The state has postponed the executions of seven inmates — six who were scheduled for execution in 2015, and one inmate who was scheduled for January 2016. "The new dates are designed to provide DRC adequate time to secure a supply of the new execution drugs," the Ohio Department of Rehabilitation and Correction said in a statement on Friday.
The department added that the suspension will allow the state to revise its drug implementation protocol.
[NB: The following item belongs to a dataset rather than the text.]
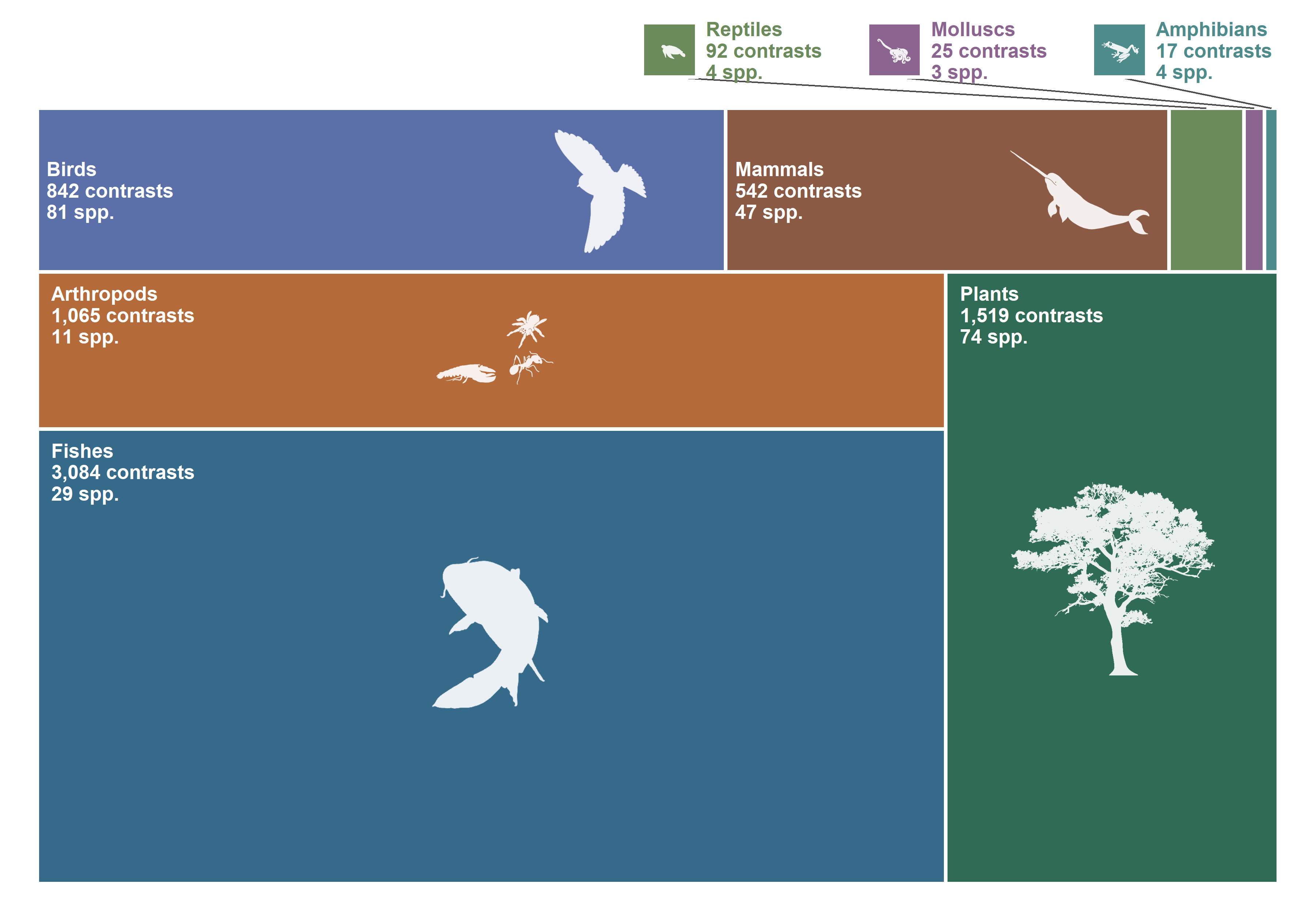 A proportional tile chart of the 7,186 m00 contrasts: fishes 3,084 contrasts (29 species), plants 1,519 (74), arthropods 1,065 (11), birds 842 (81), mammals 542 (47), reptiles 92 (4), molluscs 25 (3), and amphibians 17 (4). Each tile includes a white taxon silhouette; the three smallest groups are labelled above the chart with leader lines.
Ohio now has 11 executions set for 2016.
On Jan. 8, the Ohio Department of Rehabilitation and Correction announced that it was switching from the two-drug cocktail of midazolam and hydromorphone to thiopental sodium, which the state previously used from 1999 to 2011. According to the department, thiopental sodium and pentobarbital are the now the only two drugs permitted for lethal injections.
The announcement came a year after the botched execution of Dennis McGuire, an inmate on Ohio's death row who was the first person to be executed in the United States with the experimental cocktail of midazolam and hydromorphone. According to eyewitness accounts, it took more than 25 minutes for McGuire to die from the injection.
Father Lawrence Hummer, a priest who works with death row inmates and witnessed the execution, wrote in The Guardian in January 2014:
Over those 11 minutes or more [McGuire] was fighting for breath, and I could see both of his fists were clenched the entire time. His gasps could be heard through the glass wall that separated us. Towards the end, the gasping faded into small puffs of his mouth. It was much like a fish lying along the shore puffing for that one gasp of air that would allow it to breathe.
Use of midazolam in lethal injections has been controversial since McGuire's death. The drug was used as part of a three-drug cocktail in the execution of Clayton Lockett, an inmate in Oklahoma. Lockett's execution last April took over 40 minutes, and witnesses said he regained consciousness on the gurney, moaning and asking for help. The execution was eventually stopped, but Lockett then suffered a heart attack.
At the time of his death, the three-drug regimen of midazolam, vecuronium bromide and potassium chloride was untested. A state investigation into Lockett's botched execution found that midazolam was only added to the lethal injection on April 14, about two weeks before Lockett's death, because pentobarbital was not available.
On Wednesday, the Supreme Court ordered Oklahoma to suspend executions using midazolam until further notice, as the high court prepares to take up a case on the constitutionality of midazolam use for state executions. However, the high court did not ask Oklahoma to suspend executions entirely.
The Supreme Court will hear arguments in the case of midazolam in April.